Check out nostalgic release from Halifax's Shadow Folk | Music | Halifax, Nova Scotia | THE COAST

Check out nostalgic release from Halifax's Shadow Folk

New groovy split LP with Sunny Beaches is full of '60s-inspired, pseudo-psych jams

click to enlarge Check out nostalgic release from Halifax's Shadow Folk
Kate Giffin
Shadow Folk (Justin McGrath) at Menz Bar

Not everyone around here knows that in the early 1960s, Denny Doherty was playing in bands in his hometown of Halifax before getting signed to Columbia Records. He soon met Cass Elliot and in 1965 Denny and Cass released "Go Where You Wanna Go," their first single as a folk-pop quartet with Michelle and John Phillips called The Mamas and The Papas. It was a short-lived affair, but they released a number of massive hits that are definitive of the era. Halifax was even mentioned in their 1966 version of "Dancing in the Street." Fast-forward forty years and that monumental legacy has rippled through Halifax music ever since. Take the opening line of "Nothing More to Say" by the Joel Plaskett Emergency: "All the leaves are gone, / I don't give a fuck, / Let the winter come on, I think I'll try my luck," a riff on the opening verse and chorus of "California Dreamin." In some ways, 1960s folk-pop is part of our heritage.

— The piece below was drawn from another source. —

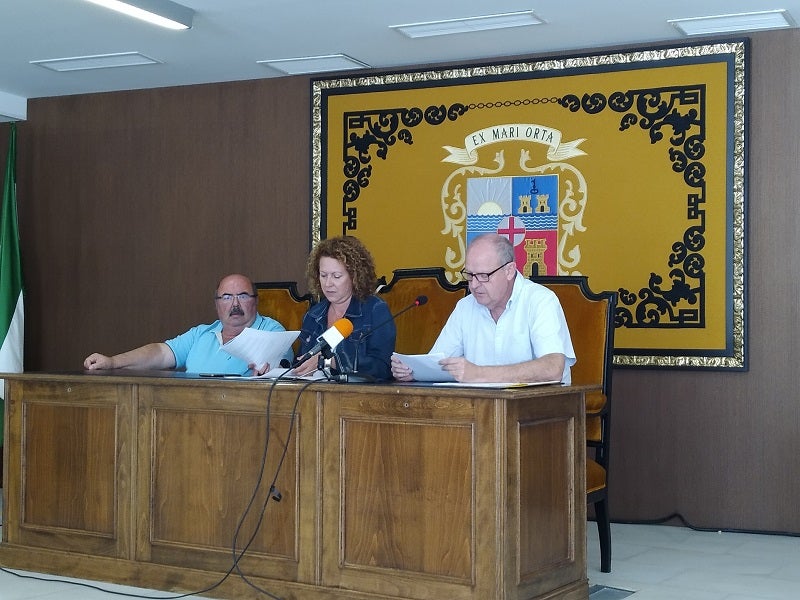 La alcaldesa de Garrucha, María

Last weekend, Halifax's Shadow Folk independently released a split LP with Sunny Beaches: six tracks that circle back to Halifax's folk-pop past. Featuring the songwriting of Justin McGrath (Walrus), with Jordan Murphy (Walrus) and Ian Bennett, Shadow Folk takes on those 1960s British-invasion vibes — harmonic layers, ominous two-part storytelling in the Billy songs, bluesy runs, '70s freakiness, experimental distortion, audio from the Heaven's Gate cult and instrumental interludes. It's very interesting music that leans on folk-pop nostalgia, and creates new context for it. The recordings themselves sound excellent (done by Charles Austin, mastered by James O'Toole/Luke Mumford). The LP songs jump off from Shadow Folk's 2012 Floyd-esque EP Green Window while preserving connections to it ("Heaven's Gate II"); it's thematically consistent, contemporary folk in the literal shadows of a passed era.  

"What we are about is authentic rock and roll from the 1960s and 1970s," says McGrath. Honestly, he's nailing it. Take some time to get into this and keep an eye out for a Shadow Folk show.